Burdened with heavy losses (Aetna, for example, has lost north of $430 million since 2014), insurers must decide whether proceeding is a viable business option. According to the Kaiser Family Foundation’s Cynthia Cox, at least 23 companies plan to leave the market. And that figure is much higher—around 66, according to Cox—if measured on a state-by-state basis, as some companies, for instance, UnitedHealthcare and Aetna, are planning to leave multiple states.

This new reality of enfeebled competition is likely to endure, with market power further consolidated in the largest insurance firms. As the Mercatus Center’s Brian Blase writes, “[I]n 2017, the weighted average number of carriers participating in each county will be 2.9—a nearly 50% decline from 5.7 average carriers participating in each county in 2015.” Where health care reformers should have aimed at cultivating competition, liberalizing and deregulating both insurers and providers, they instead reduced the market to the few mega-firms able to survive the onerous new rules.

The insurance model for providing health care has always been problematic, afflicted with basic incentives problems. Because the consumer of medical services, prescription drugs, tests, and devices is not the payer, he has powerful incentives to over-consume these goods and services, insulated from ordinary concerns about price. Quite rationally, the consumer seeks to get as much as he can out of his premium payments.

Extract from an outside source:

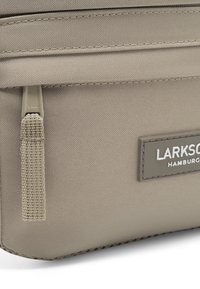 Borsa in tessuto beige con superficie testurizzata, dotata di una cerniera e una patch rettangolare con logo. Il design è minimalista con linee pulite.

Obamacare has aggravated this old problem by preventing insurance from fulfilling its defining role of protecting the policyholder from events that may not ever come to pass and pricing risk using all available information. Health insurance has become something very different, entitling its beneficiary to an almost unlimited menu of services, now in a market that tells insurers they cannot consider an applicant’s health status. Each additional layer of rules further attenuates the price signal, thereby scrambling or obscuring the important information it contains.

For genuinely making health care more affordable, which assumedly implies a serious reduction in health care costs, one could hardly imagine a worse system, one more ill-fitted to its stated goal. The goal of affordable health care is not something that can be brought about by fiat, wished into existence by politicians eager to prove to voters that they took action—some action, however incoherent. Politicians have a knack for neglecting to consider even the faintest possibility that their pet legislative endeavors might have unintended consequences, sure of their ability to alter basic laws of economics and human action. One need not account for incentives in an imagined world where the state is not a mere group of individuals, but a worker of miracles.

The disastrous failure of the Affordable Care Act to perform as its proponents expected is damning to anti-competitive market intervention and manipulation in general. Only a free market in which providers actively compete on quality and price can pull the U.S. health care system out of the status quo’s fetid morass of monopoly. This means allowing competition across state (and even national) lines, encouraging experimentation, and scrapping outmoded regulations based on mistaken economic assumptions. The truest populist challenge to the state-corporate nexus of politicians and special interests is the free market. It’s time we gave it a try.